Brazil’s Council for Economic Defense Wants Crypto Exchanges to Answer Survey or Expect Fees
Brazilian Antitrust Watchdog Sends Questions To Crypto Exchanges
The Brazilian Administrative Council For Economic Defense (CADE), which is operated by the Ministry of Justice, has recently sent a questionnaire to crypto exchange whose banks accounts have previously been closed, local media outlets have reported.
According to the reports, the CADE has sent questionnaires to ten companies: Bitcoin Market, Bitcambio, BitcoinTrade, Foxbit, Walltime, Braziliex, BitBlue, Open Digital Capital (OTC), e-juno, and Profitfy. This happened after the institution has probed six major banks to discover whether they had closed accounts for crypto exchanges or not.
An initial report was sent by the Brazilian Association of Cryptomoedas and Blockchain (ABCB) has claimed that Banco do Brasil had closed Atlas Quantum’s account. The CADE has warned the companies that they will be fined with $5,000 BRL (about $1,300 USD) if they fail to send answers. The penalty could be increased up to 20 times “if necessary”.
In the questionnaire created by CADE, they have to explain their business and state whether they were able to open a bank account or not and whether it was closed by some financial institution. There were even talks that some banks restricted the operations of the exchanges as a way to harm their business, so this is part of why the investigation is being made.
The companies have to describe briefly their business and then answer 10 questions that dig deeper on the subject. These questions are generally related to banking and if they suffered any type of sanction from the banks.

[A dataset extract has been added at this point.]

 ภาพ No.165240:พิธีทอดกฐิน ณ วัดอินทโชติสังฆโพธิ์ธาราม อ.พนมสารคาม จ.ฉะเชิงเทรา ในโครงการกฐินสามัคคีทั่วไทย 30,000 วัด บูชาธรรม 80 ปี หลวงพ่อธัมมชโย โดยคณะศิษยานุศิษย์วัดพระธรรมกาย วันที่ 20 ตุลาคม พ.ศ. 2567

According to a local crypto news outlet called Portal do Bitcoin, one of the main reasons why the banks decided to close some accounts was because they did not comply with the National Classification of Economic Activity. Because of this, one of the focus of the questionnaire is to discover how the exchanges declared their activities to the banks.
However, some questions are focused on the attitudes of the exchanges toward illicit activities and it asks them what they have done to prevent money laundering and terrorist financing in their institutions, as well as organized crime. Questions also probe about Know Your Customer (KYC) procedures and whether the exchanges have ever refused clients.
The exchanges will be able to ask for the answers to be considered “restricted access”, but the final decision will be made by CADE on whether to disclose the answers of the companies to the public or not.